Airsoft War.
Just hearing the name makes you want to cue the epic battle music, doesn’t it?
Bullets fly. Your teammates switch teams on you. You walk softly across the roof and then jump down onto a balcony with the grace of a cat…
Wait a second. For some reason that last one doesn’t quite seem to ring true to reality.
At least, for me it doesn’t.
I seem to struggle with a sensitivity…you could even possibly use the word “fear” of heights.
I have tried so hard to conquer it.
I have climbed walls. I have ridden free-fall rides.
But when it comes to me and trusting myself on a roof, for some reason (sigh!) the roof always seems to emerge victorious.

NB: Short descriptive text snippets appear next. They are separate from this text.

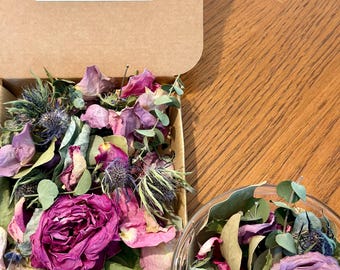 Briefkasten-Geschenk | Potpourri aus Trockenblumen und Botanicals | Weihnachten, Dankeschön, Ich denk an dich | Aus Somerset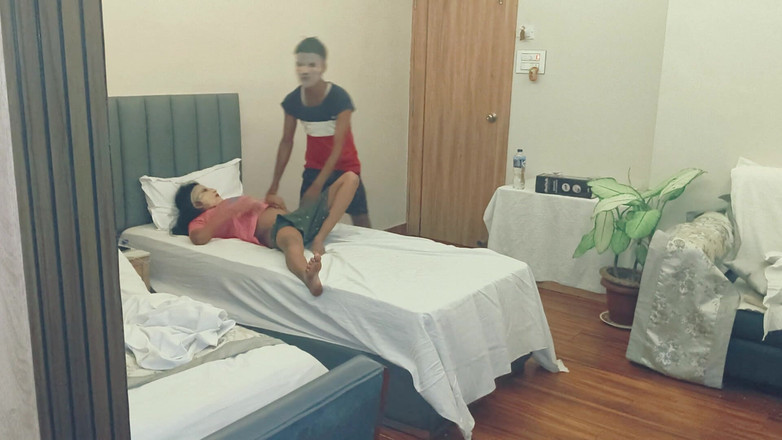 Queen7895: होटल सेक्स में देसी भाभी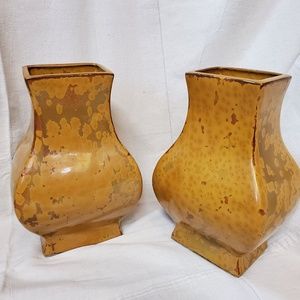 Gold and Bronze Vases (2)🌻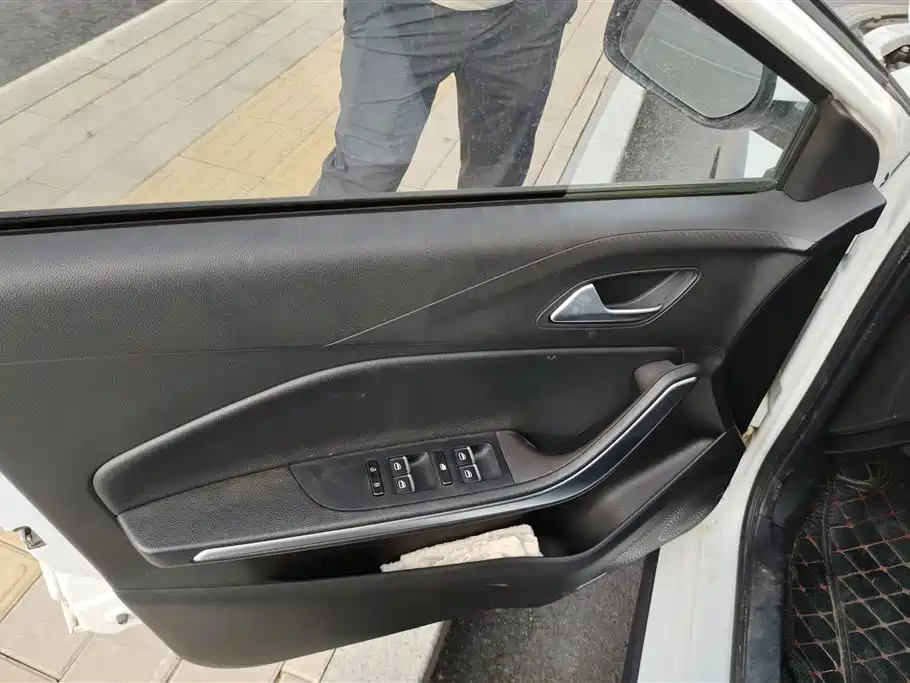 Tiggo 3 x 1.5 L Auto Elite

So when my teammate Wesley suggested that we climb on the roof to help our team at the beginning of the airsoft round, I had qualms.
But, of course I wasn’t going to tell those qualms to Wesley.
I’ll be fine, I thought to myself, this won’t be an issue.
I imagined myself striding across the roof behind Wesley without fear, shooting down at the enemy team (and hopefully actually hitting them), and then sliding down the steep metal sides to the ground (landing on my feet of course).
So, I stuffed my airsoft gun in my hoodie pocket, and climbed up the ladder to the roof behind Wesley. But, as I put first one foot and then the other foot down on the steep, smooth-ish incline, my second thoughts began to surface.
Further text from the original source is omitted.